Indígenas
23 de Agosto de 2021 às 15h40
Para MPF, Brasil não tem evoluído na proteção dos direitos dos povos indígenas
Avaliação do órgão foi em audiência na Câmara, onde se debateu o cumprimento de recomendações da ONU para a garantia de direitos aos povos originários
Foto: Najara Araujo/Câmara dos Deputados
“Os povos indígenas estão se sentindo agredidos por várias ações governamentais que não refletem aquilo que eles pensam. Eles precisam ter reconhecidos sua autonomia e o seu lugar de fala”. Essa foi a avaliação da subprocuradora-geral da República e coordenadora da Câmara de Populações Indígenas e Comunidades Tradicionais do Ministério Público Federal (6CCR/MPF), Eliana Torelly, sobre a evolução da garantia de direitos aos povos indígenas brasileiros, durante audiência pública na Câmara dos Deputados, na última sexta-feira (20).
O debate virtual abordou o cumprimento pelo Brasil das 25 recomendações da Organização das Nações Unidas (ONU) relacionadas aos povos indígenas. O grupo compõe quadro de 246 orientações para a melhoria dos direitos humanos, feitas no último ciclo de avaliações da Revisão Periódica Universal (RPU) da ONU, válidas para o período de 2017 a 2022. O encontro entre representantes de órgãos federais que cuidam da temática indigenista, entidades de classe e sociedade civil foi organizado pelo Observatório Parlamentar da RPU, que faz parte da Comissão de Direitos Humanos e Minorias da Câmara.
Eliana Torelly pontuou que as comunidades tradicionais estão se sentindo desassistidas pelo Estado, que não tem cumprido o dever constitucional de proteção aos povos originários. A subprocuradora-geral criticou a atuação da Fundação Nacional do Índio (Funai) que, na sua avaliação, precisa voltar a exercer seu papel como a maior agência indigenista do mundo. “A Funai é um patrimônio nacional, que tem uma longa história de defesa dos povos indígenas. E os povos indígenas do Brasil precisam que ela reassuma o seu papel, sobretudo na demarcação de terras”, defendeu.
Sobre a demarcação de territórios, Torelly lamentou que os processos estejam “praticamente paralisados” no país. “Fomos informados que vários processos já aptos à publicação do Relatório de Identificação e Delimitação, à portaria declaratória, ou mesmo ao decreto [de demarcação] estão sendo restituídos à diretoria de proteção territorial da Funai para adequação à tese do marco temporal”. A prática, segundo ela, vai contra decisão do Supremo Tribunal Federal (STF) de suspender os efeitos do Parecer Normativo 001/2017 da Advocacia-Geral da União (AGU), que determina à administração pública a adoção de medidas restritivas à demarcação de terras indígenas, entre elas a tese do marco temporal.

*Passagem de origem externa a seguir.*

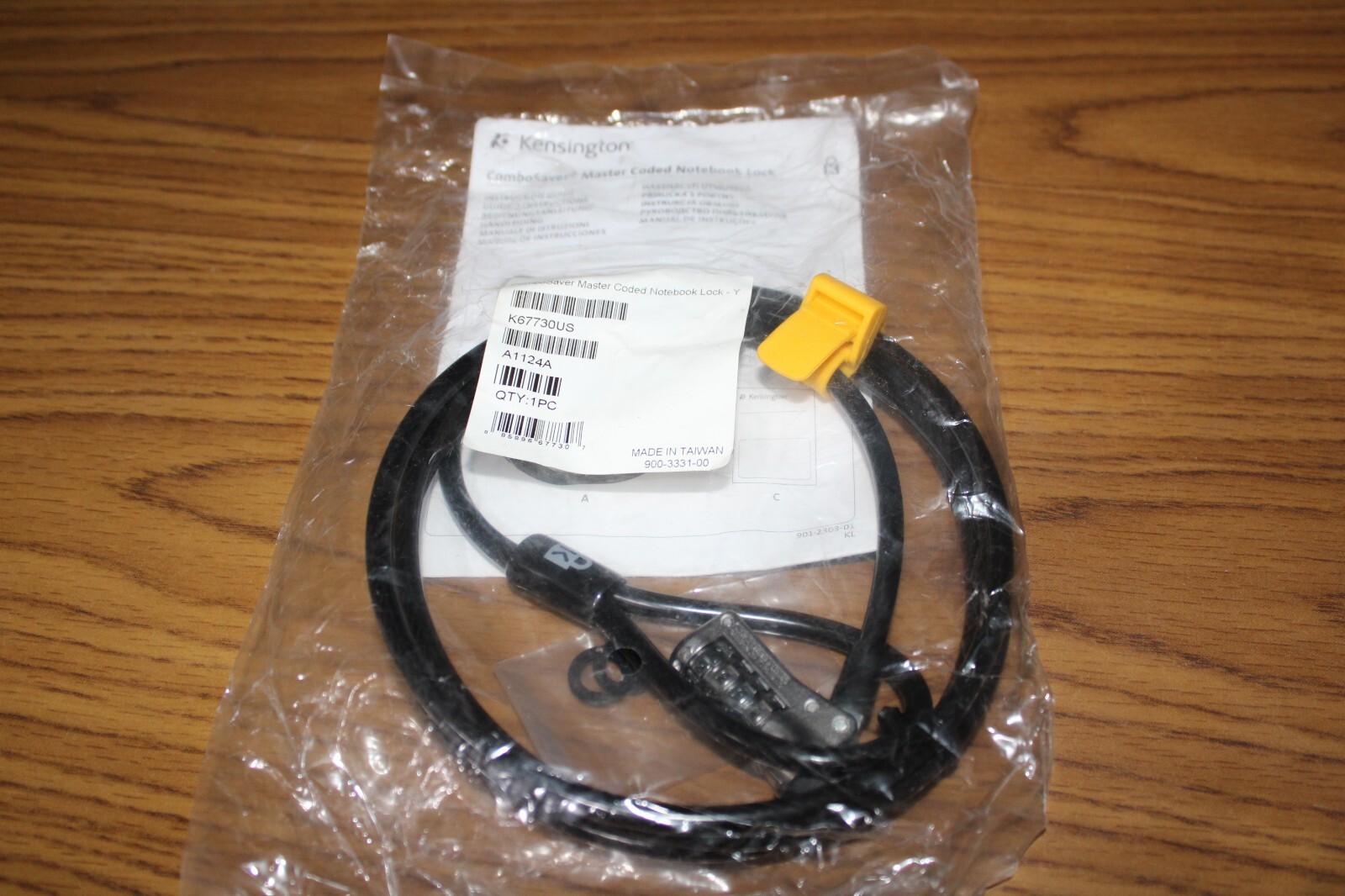 KENSINGTON K67730US COMBOSAVER MASTER NOTEBOOK COMBINATION LOCK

A subprocuradora-geral também reiterou o compromisso do Ministério Público na proteção dos direitos dos povos originários. Ao apresentar algumas das ações desenvolvidas pela instituição, e que se enquadram nos eixos temáticos das recomendações da ONU, a coordenadora da 6CCR mencionou ação civil pública que pede a condenação do Estado por omissão na condução da política indigenista e grave violação de direitos fundamentais dos povos tradicionais. “Nós estamos vivendo um momento de extrema preocupação, de um recrudescimento do discurso de ódio, que tem levado a retaliações e motivado invasões de territórios”, pontuou.

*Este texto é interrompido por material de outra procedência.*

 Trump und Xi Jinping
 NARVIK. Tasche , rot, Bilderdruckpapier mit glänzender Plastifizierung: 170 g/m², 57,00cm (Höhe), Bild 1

Retrocesso – Outra questão abordada pela coordenadora da 6CCR na audiência pública foi a preocupação do MPF com projetos legislativos que buscam o desmonte dos direitos já garantidos aos povos tradicionais. Entre eles, Eliana Torelly citou o Projeto de Decreto Legislativo 177/2021, que busca autorizar o presidente da República a denunciar a Convenção 169 da OIT; o Projeto de Lei 490/2007, que modifica dispositivos do Estatuto do Índio, incluindo a tese do marco temporal; e o PL 191/2020, que pretende liberar a mineração dentro dos territórios indígenas. “Todas essas propostas vão em sentido contrário às recomendações para os direitos humanos da ONU”, alertou a coordenadora da 6CCR.
Segundo dados do último relatório da RPU, produzido no contexto da pandemia de covid-19, nenhuma das 25 orientações na temática indígena e do meio ambiente foram cumpridas pelo Brasil até o momento. Ao contrário, 11 delas estão em retrocesso, como as que tratam da proteção dos direitos territoriais dos povos indígenas, da proteção dos direitos indígenas e da consulta integral sobre medidas legislativas e administrativas que os afetem. “O mais importante é garantir que os povos indígenas tenham seu lugar de fala assegurado. Que não se sintam ameaçados e possam defender seus interesses de forma livre e desembaraçada”, concluiu Eliana Torelly.